Dans le détail, difficile de comparer l’évolution des ventes des deux séries, l’industrie du jeu vidéo étant avare de chiffres, a fortiori quand il s’agit de documenter le déclin commercial de l’un d’entre eux. Les rapports annuels du SELL, le Syndicat des éditeurs de logiciels de loisirs, permettent toutefois grâce à leur top 20 de connaître les performances précises de FIFA en France, hors dématérialisé : il s’agit même du titre le plus vendu depuis trois ans. Mais par recoupement, il permet également de déduire les ventes maximales possibles de PES, à partir de celles de la vingtième place, en dessous de laquelle il se situe désormais chaque année.
Enorme différence de budget
En termes de popularité sur les réseaux sociaux, l’écart est tout aussi prononcé. A part sur Facebook, où une importante communauté issue des régions hispanique et arabophone continue de suivre PES, la simulation de Konami est fantomatique, comparée à celle d’Electronic Arts.
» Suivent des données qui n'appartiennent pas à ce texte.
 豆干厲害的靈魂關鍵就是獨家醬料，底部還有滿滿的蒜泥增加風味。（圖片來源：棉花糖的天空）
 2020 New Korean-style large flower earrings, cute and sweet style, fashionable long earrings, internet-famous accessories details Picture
S’agit-il de la cause ou de la conséquence ? Il y a désormais un monde de différence entre FIFA et PES en termes de budget. Cela se reflète notamment dans les effectifs de production respectifs des deux séries. Jusqu’en 2008, année charnière dans leur bras de fer, FIFA 09 et Pro Evolution Soccer 2009 s’appuyaient sur des équipes comparables : 415 personnes avaient travaillé sur le premier, contre 393 sur le second.
Ce temps est révolu, et l’écart a désormais quintuplé. Selon les ressources du site Mobygames, site collaboratif sur les équipes de production des jeux vidéo, en 2016, les effectifs totaux de FIFA 17 étaient 5,5 plus grands que celle de PES 2017, salariés, sous-traitants et fans bénévoles compris. La différence de qualité entre les deux jeux ne saute pourtant pas aux yeux. Ces ressources en plus sont surtout allouées aux modes additionnels dont dispose FIFA, et notamment d’un très ambitieux mode scénarisé.
Certains estimeront que Konami paye son manque de moyens, face à un rival qui s’est montré beaucoup plus ambitieux et abouti techniquement depuis le passage à la haute définition. D’autres observeront que c’est au prix d’une cure de rationalisation de ses coûts que PES peut continuer à sortir chaque année.
A défaut de concurrencer FIFA en modes de jeu et en réalisme physique, il réussit encore à se démarquer par son jeu de passe dynamique, ses partenariats de prestige et ses innombrables licences et commentateurs, notamment sud-américains.